Logging Guidelines
Logs are an important tool for debugging problems, as well as for gaining insight into how something is running under otherwise normal conditions. Because logs are so useful, it's tempting to always log everything that's going on, but processing logs is much more work than it would seem and writing too many logs has a significant negative impact on performance.
Summary
Details and examples are below, but here's a summary of the log levels and their meanings.
Level | Meaning |
---|---|
Error | System-caused problem preventing correct results for requests. Major, "wake up a human" events. |
Warn | Something's wrong, like no caching, but can still correctly respond to requests. A human should investigate. |
Info | Working as expected. Information needed for monitoring. Answers "Are things healthy." |
Debug | High-level data flow and errors. Rich insight, but not overwhelming. Per-request errors, but not happy-path. |
Trace | Most verbose. Full data flow. Not intended to be used in production, or very rarely. |
Log Levels
To be able to balance the trade off between logging more information and having better performance, Athena's logging framework allows controlling which log messages are processed using Log Levels. Here are some guidelines to help figure out what level a particular message should be logged at. By following these guidelines, logging will be handled consistently across the Athena codebase.
Error
Should be used when Athena is having trouble and cannot reliably respond to requests. Under normal running conditions,
there shouldn't be Error
-level logs emitted by Athena. Any Error
-level logs that are emitted by Athena should be
major events that likely require urgent intervention. Here are some examples:
-
There is a configuration error that will prevent the application from working correctly.
-
There is an unexpected error (ie. not caused by the user) that is going to result in failing the request with a 500 HTTP status code.
Expected request failure conditions that are not the user's fault which result in 5xx-level HTTP status codes should not result in a log at the
Error
level. Examples of these include503 Service Unavailable
responses when some runtime data/objects hasn't been loaded, or507 Insufficient Storage
when a request exceeds the weight limit.
Warn
Should be used when something isn't right, but Athena can still reliably respond to requests. Under normal running
conditions, there may be Warn
-level logs emitted by Athena. Warn
-level logs that are emitted by Athena should be
looked at by a human, but should not typically require urgent intervention. Here are some examples:
-
There is a configuration error that will not prevent requests from being correctly satisfied, but requests may be satisfied non-optimally or with some other down-side.
-
The app tries to start as indicated, but has to fall back to some default configuration because an error was encountered. The app can still start, but not the way it expected to.
-
A non-critical service is unavailable or is having trouble. It's possible that the issue will correct itself, but that depends on the service.

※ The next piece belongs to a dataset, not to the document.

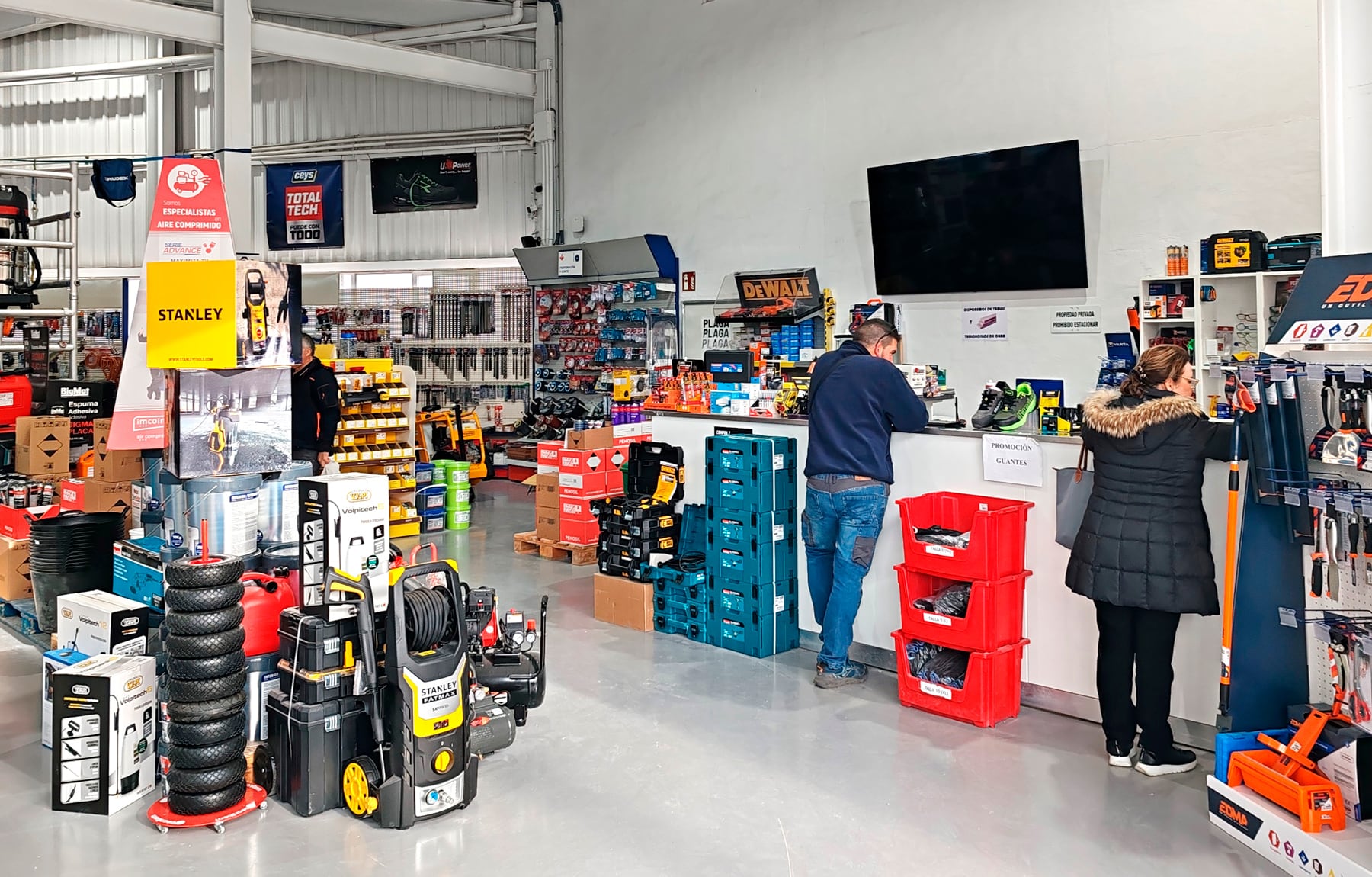 Imagen de las instalaciones de Big Mat en el polígono Santiago Payá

For example, the Swift response cache might be having errors or timing out. This won't prevent Athena from correctly responding to the request, but it may not be as fast due to the cache not working.
Info
Should be used to indicate status and telemetry for each HTTP request processed, as well as non-recurring events and
information about the state of Athena. It is expected that Athena will be running at the Info
logging level when
running in production. As such, the information logged at this level should be the information needed for monitoring
purposes, meaning that it effectively answers "Is the application healthy?" and "How is the application being used?"

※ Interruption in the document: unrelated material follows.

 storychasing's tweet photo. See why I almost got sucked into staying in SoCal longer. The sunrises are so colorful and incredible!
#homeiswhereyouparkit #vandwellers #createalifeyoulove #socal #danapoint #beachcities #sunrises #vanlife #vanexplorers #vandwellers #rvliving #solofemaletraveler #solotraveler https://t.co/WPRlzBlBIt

- Startup / shutdown information (success or failure of main components starting or stopping)
- Timing and telemetry about processing each request
Debug
Should be used to indicate high-level data flow and request handling steps. It's expected that the Debug
log level
will be used when determining why something is behaving unexpectedly. As such, the information logged at the Debug
level should give a fairly rich insight into what is happening, but should not contain so much information as to be
overwhelming.
One exception to this is that "normal" or "happy path" request processing
flow should not be logged at the Debug
level. This is because it's assumed that the bulk of the work will be for
processing requests and we don't want to flood the log with too many "everything is working as normal" events. Here are
some examples of what should be logged at the Debug
level:
- When the request is going to fail due to user error, like an improper date format or other input validation error.

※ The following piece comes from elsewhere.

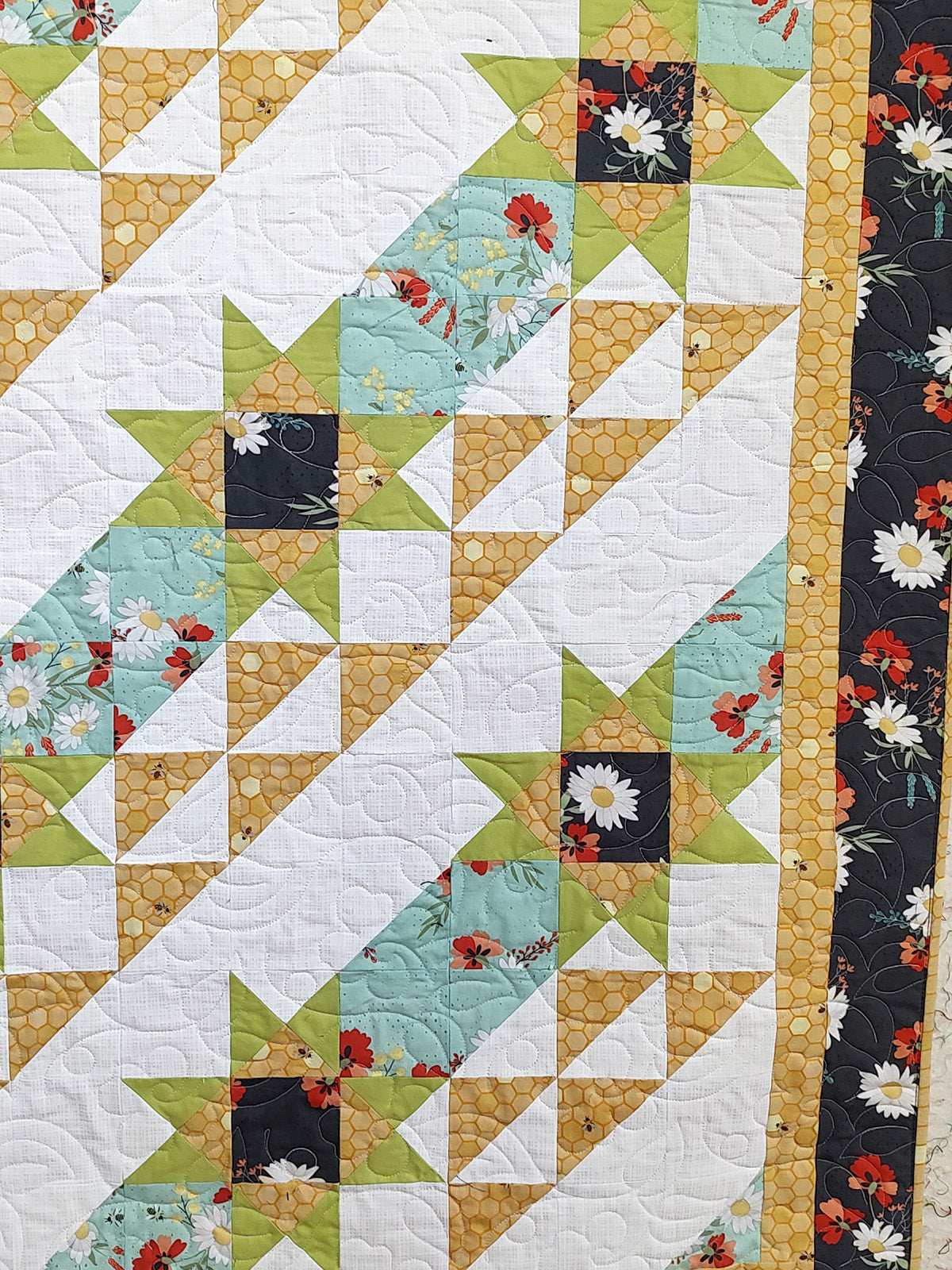 BL258 Warbler Quilt pattern 3 sizes plus 16 more QUBE sizes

- Once-per-request information, like which Swift Account/Container is selected.
- Normal execution flow while starting up / shutting down.
- Normal execution flow while running, but not processing a request.
Trace
Trace
is the most verbose log level and it's expected that it will only be turned on very rarely in a production
setting. This is the level at which to log "normal" execution flow for request handling.
- Normal execution flow while processing a request.
- Large or tight loops for any kind of execution (app-start, non-request, request processing).
- If the loop is time-sensitive or particularly hot, however, consider logging outside the loop so as not to impede performance.